Supersize Me!
The Housing Problem as a Spiritual Matter

I was going to continue writing about Jesus Christ Superstar, but it is a tad frivolous. Then I read the SFGate's always-relevant Surreal Estate column today, which was called "Monster Homes R Us: American homes are monuments to conspicuous consumption." Spurred by the recent proposal by David Duffield, founder of PeopleSoft, to build a 72,000 square foot house, even bigger than the one Bill Gates had built for himself, Carol Lloyd looks at the larger phenomenon.

Consider this:
"According to a Harvard University study, in the 1950s -- an era infamous for domestic consumerism run amuck -- the average home was only 1,140 square feet. It grew to 1,800 in the 1970s and now it's over 2,225. When it comes to new single-family housing, luxury and excess are no longer simply for the occasional oil tycoon or Hollywood starlet, they are a burgeoning sector of the middle-class building industry. According to the National Association of Home Builders, 21 percent of new homes in 2004 were 3,000 square feet or more."

That, in a nutshell, illustrates the structural problem that people in the U.S. are creating for themselves: bigger homes, spread further and further apart, resulting in the need to drive further and further to buy groceries, drop children off at childcare and school, and go to work. We are, as an article in the League of California Cities magazine, Western City, was titled, "Driving ourselves to death." (Sorry, the article itself doesn't seem to be available online.)

Carl Magruder wrote on his blog, Confessions of an Earth Quaker:
"This is what the breakdown of community, phony spirituality, corporate media, consumerism, over-busyness, separateness from simple life processes like nursing the sick and dying or growing our own food, and even apathy itself do to the human organism."

At least three members of our monthly meeting our going on "car fasts." Of course, that's easier to do in a compact city like San Francisco than in many places in California, for example.

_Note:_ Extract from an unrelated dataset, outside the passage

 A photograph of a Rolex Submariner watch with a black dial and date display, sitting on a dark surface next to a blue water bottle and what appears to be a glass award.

The point here being (clamber up onto soapbox):

  • the way we build our physical environment is an expression of our spiritual values; and
  • the way we get out of the problems caused by our way of life has to include a strategy to address the built environment, whether back to the land or back to the city; and
  • that has to include addressing the injustices of both city and rural life.

As Carl also wrote, "The inseparability of social justice and earthcare issues is undeniable here." I agree.

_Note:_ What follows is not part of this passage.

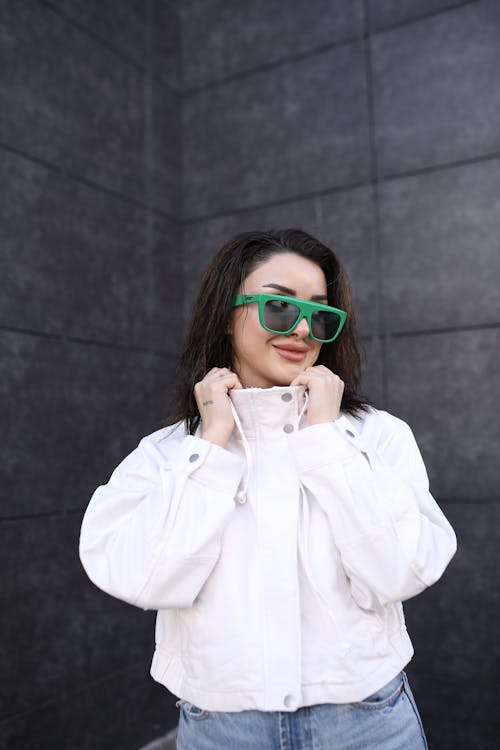 Free Young Brunette Woman in Green Sunglasses Holding her White Jacket Stock Photo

As Paul says in 1 Corinthians chapter 1, "I urge you, brothers and sisters, by the name of our Lord Jesus Christ, to agree together, to end your divisions, and to be united by the same mind and purpose." How are Quakers going to find unity as a religious society -- unity in mind, heart, spirit and body -- to act together, with love for God, for one another, and for the world?

1 comment:

Anonymous said...

Business Week had an article on the impact of this phenomenon last week:

Living Too Large In Exurbia
Big houses. Big cars. Now, bigger bills. A lifestyle built on cheap energy and cheap credit is in jeopardy

"... Love them or hate them, the exurbs are playing an increasingly important role in America's cultural landscape. In the minds of critics, the exurbs tend to attract conservative young families whose communities and lives often revolve around megachurches. Liberals blame the exurbs for reelecting President Bush in 2004. Conservationists blame them for spoiling the landscape with ugly sprawls of look-alike houses and promoting wasteful lifestyles.

Supporters of exurbs see a much different picture. Author David Brooks, whose book On Paradise Drive: How We Live Now (And Always Have) in the Future Tense examines the exurban phenomenon, often points out that exurbs are highly diverse and getting more so. They provide a high quality of life for many, including millions of immigrants. Indeed, exurbia has attracted both upper-income families who live expansive lifestyles and middle- and lower-income families who move to the far fringes of metro areas because it allows them to step up the ladder to a bigger house, better schools, and a nicer life than they could afford closer in. ...

The moment of truth for many exurbanites may be coming soon, says Vern S. Lazaroff, an attorney in Milford, Pa., and Port Jervis, N.Y., who specializes in personal bankruptcy. "A lot of people here get mortgaged up to their necks," he says. Once winter comes, "there's no way to pay for the fuel oil and the mortgage in the same month. There's just no way. I expect to see a huge number coming to my office."